▶ **Records supplied**:
- Opening Delimiter -

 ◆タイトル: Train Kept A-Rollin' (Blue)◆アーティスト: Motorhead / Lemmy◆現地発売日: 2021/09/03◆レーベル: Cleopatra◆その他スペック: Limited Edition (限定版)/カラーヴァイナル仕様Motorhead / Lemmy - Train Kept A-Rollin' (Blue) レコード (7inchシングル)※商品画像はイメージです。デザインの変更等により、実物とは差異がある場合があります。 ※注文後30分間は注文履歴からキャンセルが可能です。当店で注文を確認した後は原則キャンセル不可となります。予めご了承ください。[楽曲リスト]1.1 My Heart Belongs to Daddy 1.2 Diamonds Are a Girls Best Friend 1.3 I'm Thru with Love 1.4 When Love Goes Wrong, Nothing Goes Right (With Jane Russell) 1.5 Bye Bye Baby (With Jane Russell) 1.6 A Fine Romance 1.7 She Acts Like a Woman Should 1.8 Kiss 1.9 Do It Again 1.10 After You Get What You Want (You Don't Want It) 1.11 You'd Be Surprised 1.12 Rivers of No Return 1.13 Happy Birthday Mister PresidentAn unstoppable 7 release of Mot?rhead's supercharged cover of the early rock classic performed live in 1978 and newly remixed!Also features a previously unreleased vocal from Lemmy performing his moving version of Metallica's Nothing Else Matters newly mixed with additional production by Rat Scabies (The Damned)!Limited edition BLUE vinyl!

- Closing Delimiter -
- Opening Delimiter -

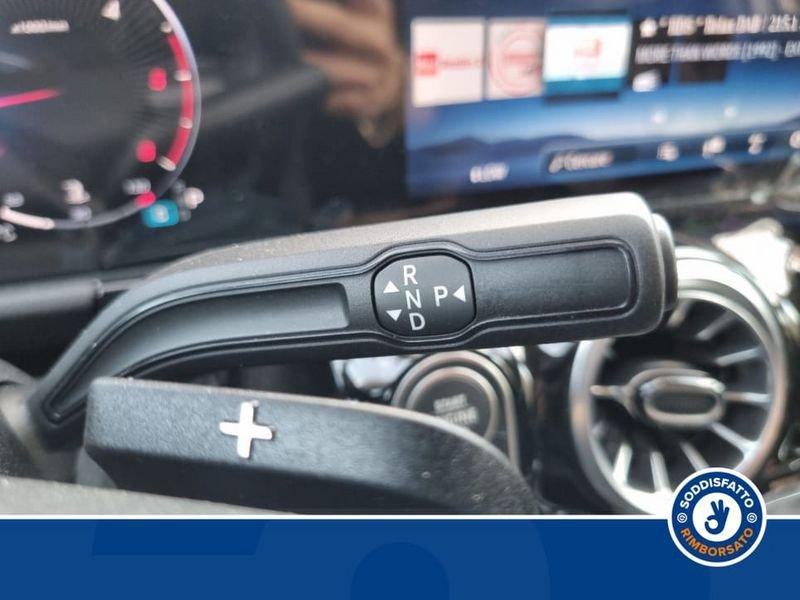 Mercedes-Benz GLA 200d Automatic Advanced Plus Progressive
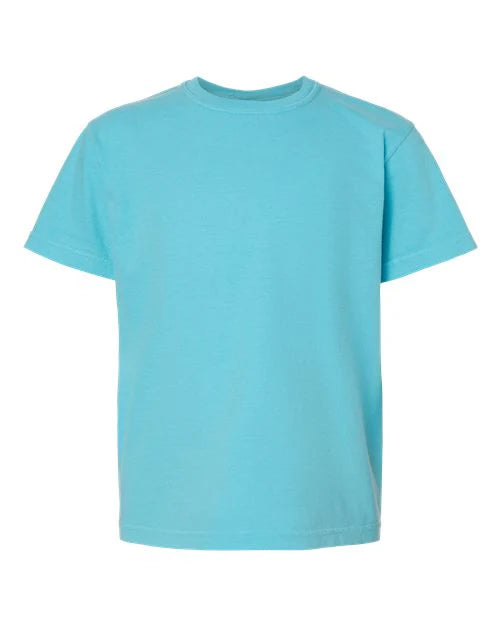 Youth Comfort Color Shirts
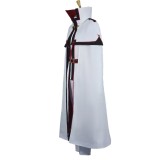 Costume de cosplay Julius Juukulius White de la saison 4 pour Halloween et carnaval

- Closing Delimiter -

▶ **About this task**:
From the line holding "Youth Comfort Color Shirts" to the line holding "Costume de cosplay", both included, retype the entries above exactly and drop the pictures.

▶ **Answer to the problem**:
 Youth Comfort Color Shirts
 Costume de cosplay Julius Juukulius White de la saison 4 pour Halloween et carnaval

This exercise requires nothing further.